Voilà une lettre bien longue, madame, et que de choses encore j'aurais à vous dire sur votre Mirabeau, ses dieux, ses héros, ses gens, ses oiseaux, ses arbres et ses fleurs ! Ces feuillets trop nombreux sont en même temps trop incomplets. C'est la faute d'un endroit qui déborde de beauté. J'achève ces lignes, de nuit, dans la chambre et sur la table où, selon votre coutume, vous travailliez jusqu'à l'aube. Je ne sais, mais je m'imagine que l'instant ou vous avez ici terminé Totote était tout pareil à cette minute où je prends congé de vous, dans la splendeur argentée d'une nuit de printemps à Mirabeau. Je viens de faire quelques pas sur la terrasse où les arbres cherchent à maintenir des ténèbres que la lune contrarie de sa lueur bleue. L'éternelle chouette hulule dans les tours. Pas un être ne bouge dans le petit village qui dort au-dessous de nous, diamanté des lumières électriques que son insouciance de pauvre ne daigne éteindre ni de nuit, ni de jour.

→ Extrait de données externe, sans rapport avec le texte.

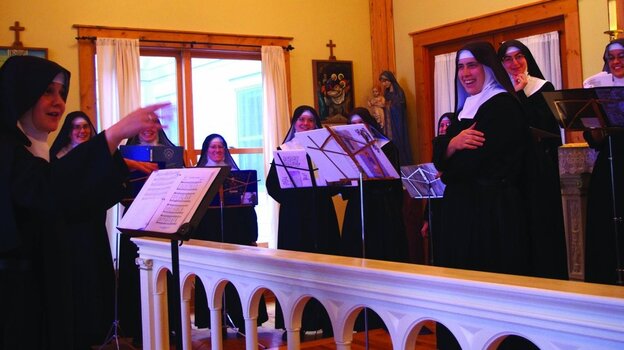 Benedictines of Mary, Queen of the Apostles. (Courtesy of the artist)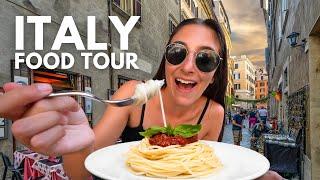 Ultimate Italian Food Tour | Eating all the Local Favorites in Rome!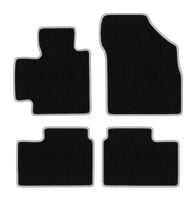 Dywaniki welurowe CARLUX-SILVER do Suzuki Ignis III 2015- hatchback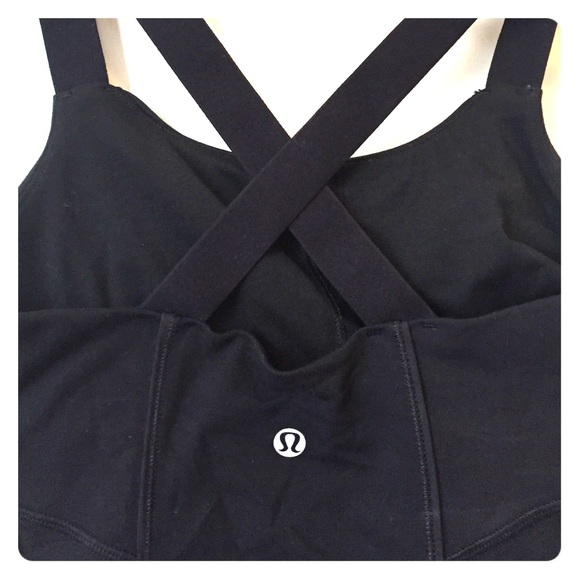 🎉✔️🎉✔️SOLD Black Lululemon top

Maurice Barrès, in Le mystère en pleine lumière, Librairie Plon, Paris, 1926, pp. 117 sq.



Notes

(1) Non seulement le comte de Mirabeau appelait "petit coco" le sculpteur Lucas de Montigny, mais encore il séduisit son épouse et en eut un fils, qui lui resta fidèle jusqu'à la fin.
(2) Oncle de Mirabeau.
(3) Gabriel-Honoré Riquetti, comte de Mirabeau (1749 - 2 avr. 1791) était le fils aîné du marquis Victor Riquetti de Mirabeau, économiste issu d'une famille florentine (les Riquet ou Riquetti) établie en Provence dès le XVIè s. D'une laideur repoussante, mais d'une intelligence extraordinairement vive, il fut le plus grand orateur de l'Assemblée constituante. Parmi des aventures sentimentales sans nombre (on ne plaisantait pas trop sur le sujet, à l'époque : notre Mirabeau fut même condamné à la peine capitale !), on retiendra qu'il épousa à Aix, le 23 juin 1772, Émilie de Covet, fille du marquis de Marignane. C'est pour elle qu'il fit construire la route à laquelle il est fait allusion, avant de courir vers d'autres aventures... durant lesquelles son épouse sut se faire consoler par Louis-François de Gallifet, prince de Martigues.
(4) Avocat et député boulangiste, Jean-Henri Georges Laguerre (né en 1858) fit partie du cercle restreint des conseillers de Clémenceau.
(5) Vers extraits d'une pièce (l'Aveugle, n° XXVI) des Bucoliques, d'André Chénier (Cf. Édition de la Pléiade, p. 46).